Science vs. Faith: Deathsport 2006 | March 2006
I sat in on a fascinating conversation recently with a bunch of biologists as they debated the merits of Intelligent Design. ID—a theistic alternative to strict evolutionary teaching—has, you’ll recall, been much in the news in the wake of a Kansas School board’s decision to include it in a high school science curriculum, a decision then overturned in court.
You’ll be shocked to learn that Intelligent Design wasn’t popular with these evolutionary biologists. But once that newsflash had passed there was a ton said that was extraordinarily interesting. For instance, the biologist sitting next to me was horrified to report that something like sixty percent of Americans actually lobbied for teaching ID in schools even though only about two-thirds of these same people believed it to be true. Who were these yahoos?

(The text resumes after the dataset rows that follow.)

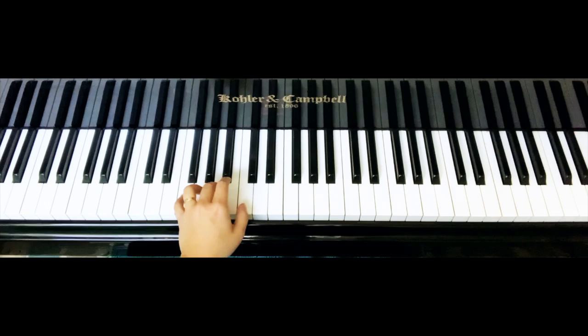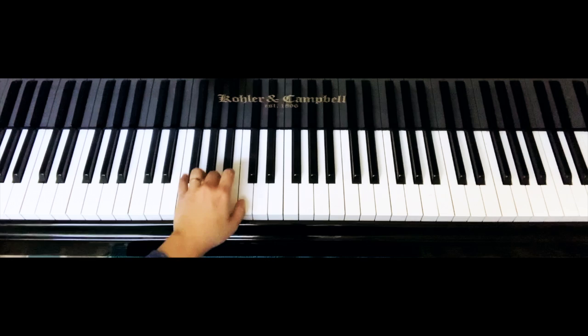All right, just for review: C chord, Fa La Do. F sharp diminished chord, Fa sharp La Do — you just have to play the Fa sharp. C chord, you can play Do Mi Sol.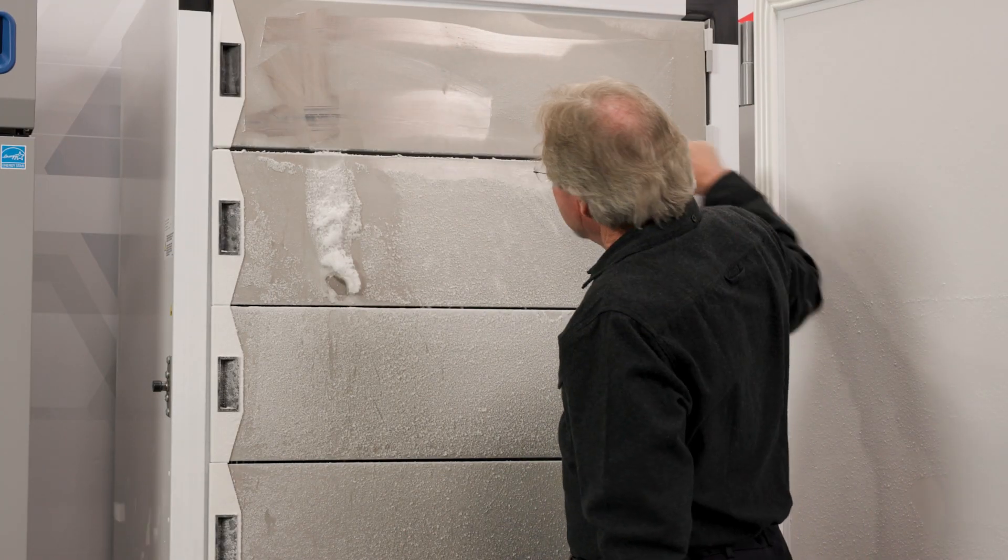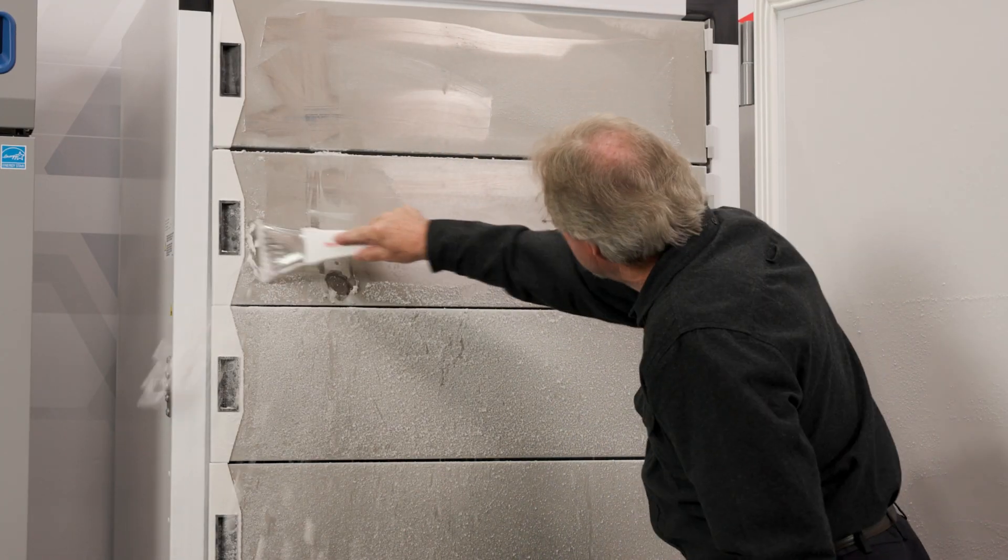In between your annual defrost, you can use an ice scraper to keep the ice to a minimum. There are tips in the manual that can help you complete this procedure.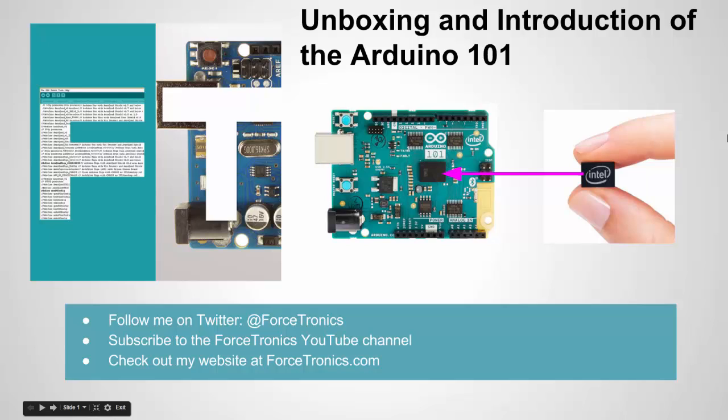Hello from the Forstronics YouTube channel and welcome to the unboxing and introduction of the Arduino 101. In this video we're going to take a look at the Arduino 101 — what's on the board, what are its capabilities, how it's programmed, its pros and cons, and its power draw. If you haven't yet, please subscribe to my YouTube channel and let's get started.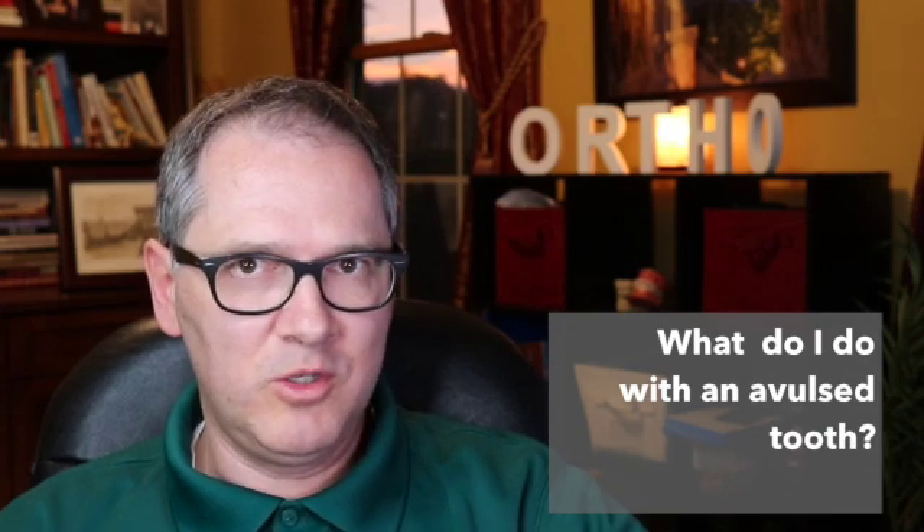There are a couple of things to know in these situations. One is you have to make sure whether it's a baby tooth or a permanent tooth. Baby teeth cannot be re-implanted. So if a baby tooth has been knocked out, it's important to focus on making sure the patient is feeling okay, but the tooth will not be able to be re-implanted.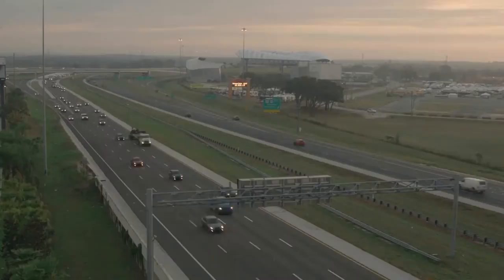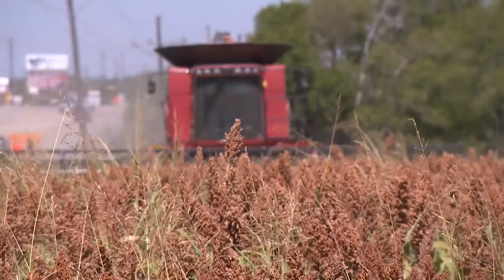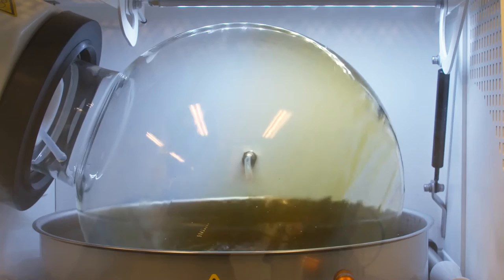Every day, the landscape of science and technology continues to evolve, bringing with it new advancements. As the legal medical cannabis scene progresses, the latest developments in machinery are being used to create the next generation of high-purity cannabis extracts.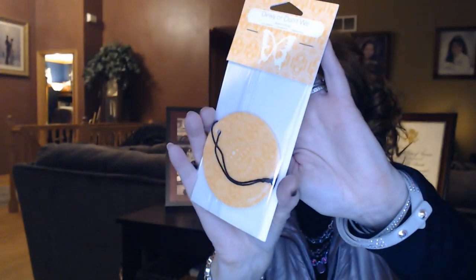We have a scent circle. These are really nice — even though they do make ones specifically for your car, you can still hang this in a car, or in a closet, or any small space that needs something fresh. I've got some in my hall closets. This one is called Dewy or Don't We. I haven't smelled this one before — it might be a new scent. It smells like cantaloupe right off the bat, but with a spice — maybe basil. Basil and cantaloupe. That smells really interesting; maybe one for my kitchen cabinet.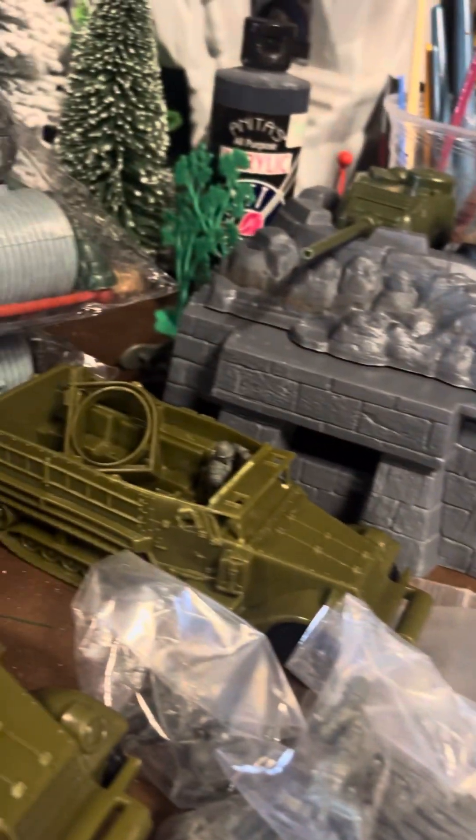Hey guys, it's Albert, Plastic Wars 82, and I just got a mail call today and it's pretty cool.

I suggested that maybe they felt that scientists overstated their case. Maybe these folks felt that strict evolutionary teaching was being extrapolated into a “scientific” claim that God didn’t exist. Since these survey respondents believed in God even if they had doubts about Intelligent Design, they wanted theistic counterbalance in the classroom. Nonsense! was the reply. No responsible evolutionary biologist would ever say evolution meant God didn’t exist! Like Scotty on Star Trek, they were scientists, dammit, not philosophers! They understood what was in their domain and what wasn’t!
I mentioned that I’d spent two years as a campus chaplain at Caltech and that students of faith there were routinely mocked by professors. And that it did seem to me that, in the press at least, it would be quite reasonable to regard evolutionary biologists as being implacably hostile to faith, whatever the reality might be.
What’s your take? In 2006, do hardcore science and hardcore faith by definition need to be mortal enemies? Can we agree that both feel profoundly threatened by—and, in their different ways, profoundly contemptuous of—the other?
In this roundtable, once the differing proposals had been made, the first comment voiced struck me as so reasonable that one would assume it has no chance of being adopted. “It seems to me,” this evolutionary biologist said, “that, at present at least, Intelligent Design exists more to critique perceived overstatements of evolutionary biology than to forge new scientific ground on its own. Maybe ID will contribute in that way in the future. But for the moment I would be perfectly content to grant a footnote in every high school science textbook along these lines. ‘Evolution, like all scientific proposals, can’t yet explain everything in its domain. The current scientific consensus is that it’s well on its way to resolving these challenges. That said, many of the implications of an evolutionary worldview historically have best been addressed by people of faith. Of course, these implications are beyond the scope of any scientist, at least in his or her professional capacity. But now here’s our best take on the current scientific consensus.’”
This does an end-run on very real and—to me—very reasonable disagreements. For instance it’s not nothing, as was conceded in this conversation, that more than a century after Darwin we still can’t conclusively document any species evolving into another species, not a minor point in the evolutionary argument. But it does seem to me that this man has proposed a compelling cease-fire for the moment in what strikes me as a pointless and destructive war, that we can actually do a lot of good with footnotes. But perhaps we live in a footnote-free world.